Numerical Simulations of Magnetohydrodynamics Natural Convection and Entropy Production in a Porous Annulus Bounded by Wavy Cylinder and Koch Snowflake Loaded with Cu–Water Nanofluid

The current paper presents a numerical study of the magnetohydrodynamics natural convection and entropy production of Cu–water nanofluid contained in a porous annulus between a heated Koch snowflake and wavy cylinder with lower temperature with respect to the Koch snowflake. The numerical algorithm is based on the Galerkin Finite Element Method.
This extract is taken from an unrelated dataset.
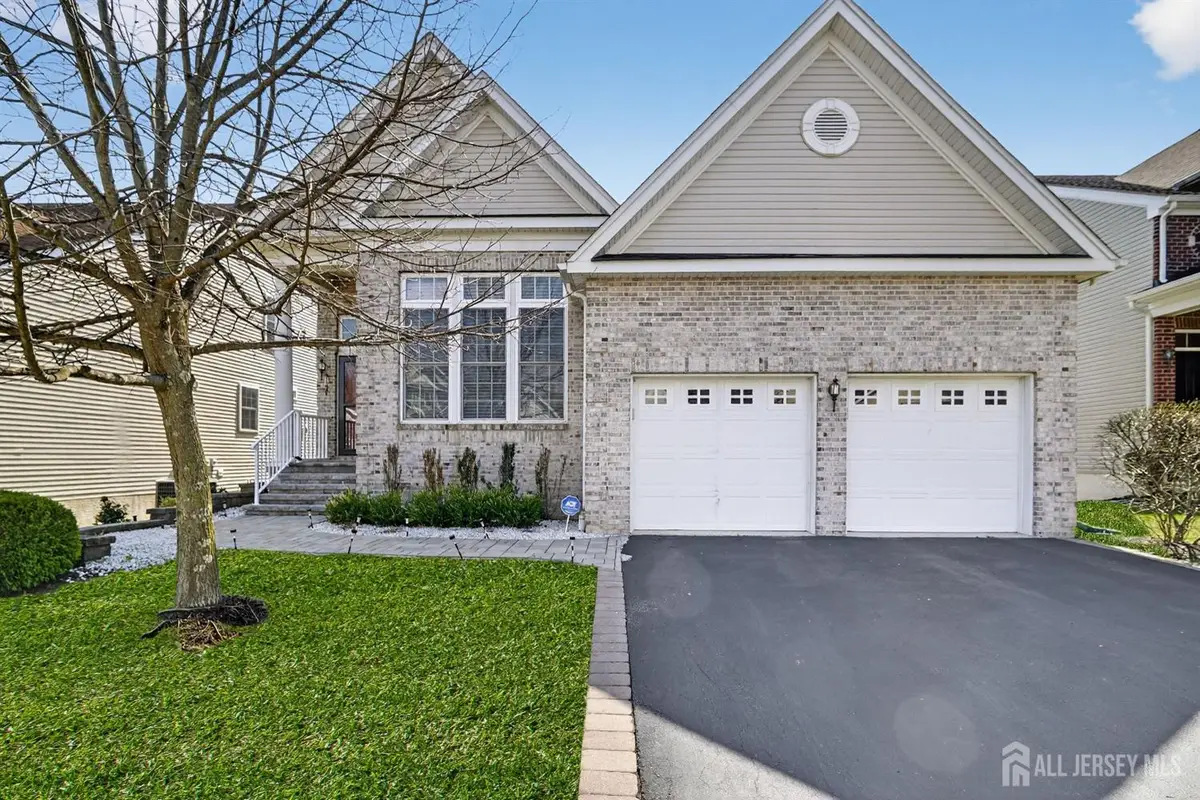 -6 Inverness Drive, Kendall Park, NJ 08824 - #1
The impacts of Rayleigh number (Ra = 10(3), 10(4), 10(5), and 10(6)), Hartman number (Ha = 0, 25, 50, and 100), Darcy number (Da = 10(−2), 10(−3), 10(−4), and 10(−5)), nanoparticle volumetric fraction (φ = 2%, 3%, 4%, and 5%), and the undulations number of the outer wavy cylinder (three cases) on the distributions of isotherms, streamlines, mean Nusselt number (Nu(avg)), as well as on total entropy production and Bejan number are thoroughly examined. The computational outcomes disclose that dispersing more Cu nanoparticles in the base fluid and creating a flow with higher intensity inside the annulus by raising the Rayleigh number bring about a boosted natural convective flow in the cavity, which improves the heat transmission rate. In addition, it can be noted that owing to the peculiar form of the heated Koch snowflake, nanofluid gets trapped between the angled parts, resulting in uneven temperature profiles with higher values in these places.